Like most businesses, publishing is always on the hunt for the Next Big Thing, not only in what goes between the covers, but what’s on the front as well. As Wench Pat noted in her last blog, Cover Art follows fashion like everything else. As soon as one book with an interesting cover becomes a bestseller, every other art director in New York rushes to join the parade. In other words, Good Art is the Art that Sells.
Now what’s new is old. Old Masters, Fine Art, or just plain Paintings (it’s all in the capitalization, I guess) are gracing popular fiction. This kind of art has long been used on bookcovers, but usually on so-called classic fiction. Old art equaled old writing,
apparently, though in many readers’ minds, the sight of any “old” painting on a bookcover immediately brings to mind book reports and reading lists. I really wonder at some of these choices, too. What exactly does the worldly French Comtesse d’Haussonville (painted by Ingres in 1845) have to do with Jane Austen’s heroine Emma of a generation earlier?
The art on covers now is often cropped in more interesting ways (though don’t get me started on the head-less-ness; I’ll save that for another blog), and balanced with elaborate type and other design elements to make it seem more "fresh." Period art helps give a book historical credibility if the characters are based on real people. When I wrote about Sarah Churchill in Duchess, it made sense for my publisher to put her portrait on the cover. Though as I discovered when my publisher was choosing which portrait of Lady Castlemaine to put on the cover of Royal Harlot, it helps if your heroine’s face can pass current standards of attractiveness (For more about this, see my earlier blogs, Beauty & the Barbara, and Cover Girl.)
Lately paintings are turning up on mass market fiction, too. It’s an interesting trend, one that many of the WordWenches readers seem to be embracing. However, for the sake of fair reporting, I have to note that fine art covers on historical romances are, in several cases, proving more confusing than enticing. Readers aren’t “seeing” these covers as romances, and seem to feel a traditional clinch (however overdone) announces a romance much better than a 19th century portrait — or so the marketing folk are whispering with trepidation. Who knows for certain?
Personally, I’m all for using art from the era of the story for any historically-based book, whether it’s a romance, a western, action/war, or a fictionalized biography. I love art history, and a painting I recognize
makes me much more likely to pick up a book. Museums and other private collections are paid for the usage of these pictures, too, and I appreciate how those fees help keep such institutions afloat. And, frankly, it’s a lot easier to have a historical romance taken seriously when it has a handsome period cover (like Pam Rosenthal’s The Slightest Provocation here) instead of another luridly sweaty bodybuilder torso.

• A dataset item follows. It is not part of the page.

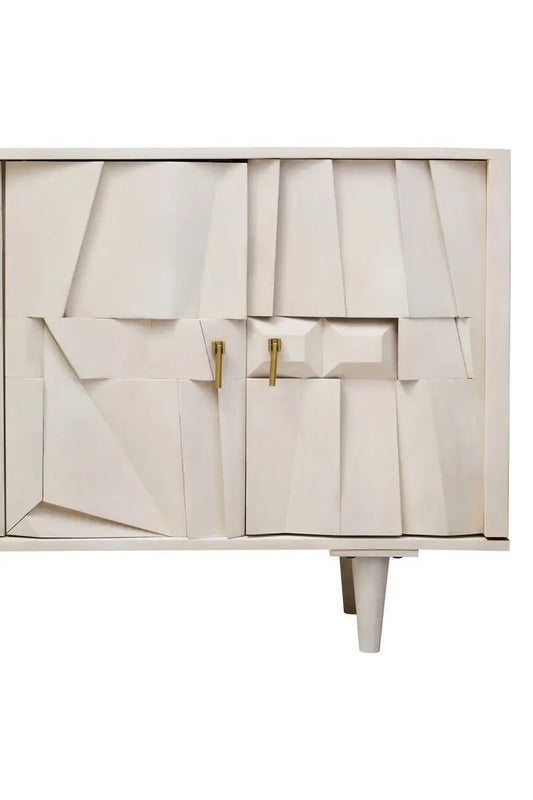 Sita Four Door Whitewash Abstract Sideboard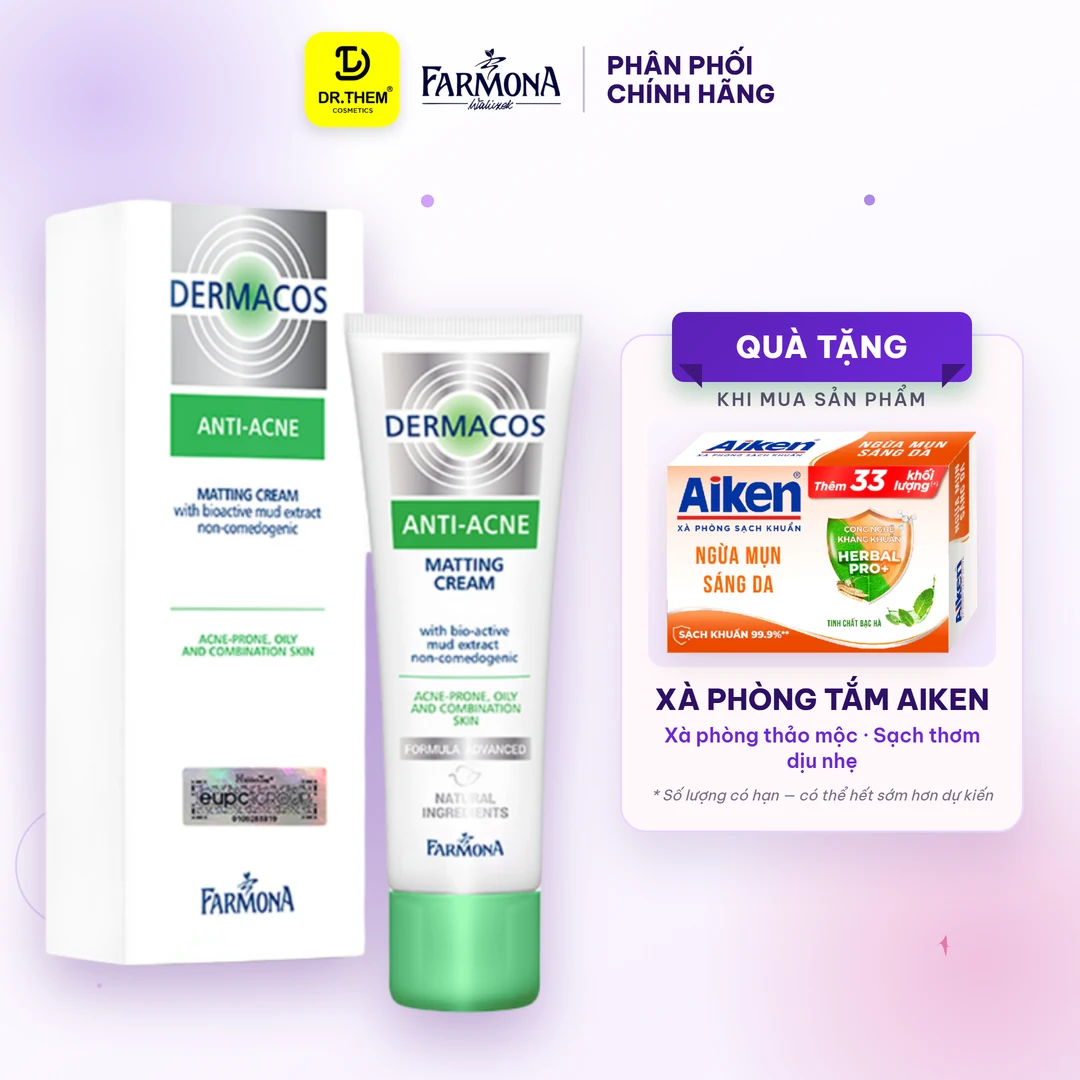 Kem Dưỡng Farmona Dermacos Anti Acne Matting Cream Giảm Bóng Nhờn Hỗ Trợ Ngừa Mụn Cho Da Dầu 50ml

Which leads me to my Question of the Day: With all the thousands of historical images available around the world and over time, why are publishers using the same paintings over and over?
Yes, I know, I’ve got the art-history-nerd-girl eye that spots these things at fifty
paces. But I can’t be the only one who’s noticed this, am I? Georgette Heyer’s books are (finally) being reissued in elegant formats worthy of her writing. But in my local big-box store, this new edition of The Infamous Army is on a table twenty feet from Confessions of a Jane Austen Addict. Arggh!
That’s only the beginning. Surely with all the beautiful art produced during the Tudor era by artists like Hans Holbein, there must be scads of images to use. Yet both The
Secret Diary of Anne Boleyn by Robin Maxwell and A Lady Raised High by Laurien Gardiner have the same painting on their covers Yes, it’s a picture of Henry VIII’s doomed second queen, but it wasn’t done in her lifetime, or even by an English artist. Instead it’s a highly romanticized version of Anne’s last days in the Tower of London, painted by Frenchman Edouard Cibot in 1835. Go figure.
Another French artist has had even greater success defining English ladies of the Regency era, at least if current cover-art is to be believed. Gerard’s portrait of (the French, not English) Juliette Recamier is luminously beautiful, and one of the most famous portraits of the early 19th century. Art directors all up and down Manhattan must agree, because Juliette’s turning up on covers lately with super-model frequency. Here she is, in various forms, gracing the books of Honorary Wench Candace Hern, Mary Balough, and Amanda Elyot.
But perhaps the trend is already fading. Philippa Gregory, the most successful of
current historical novelists, has never had a period-painting on a cover on her popular Tudor-set books. Instead her “look” has been over-painted photographs of costumed models, with lavish gold embossing and lush type. Yet the latest edition (the movie tie-in) of The Other Boleyn Girl looks more like one of the Gossip Girls series set in modern New York than the Tudors of sixteenth century England.
What do you think of fine art on book covers? Does it make you pick up a book, or pass on by? And how many other separated-at-birth covers have you seen in the stores?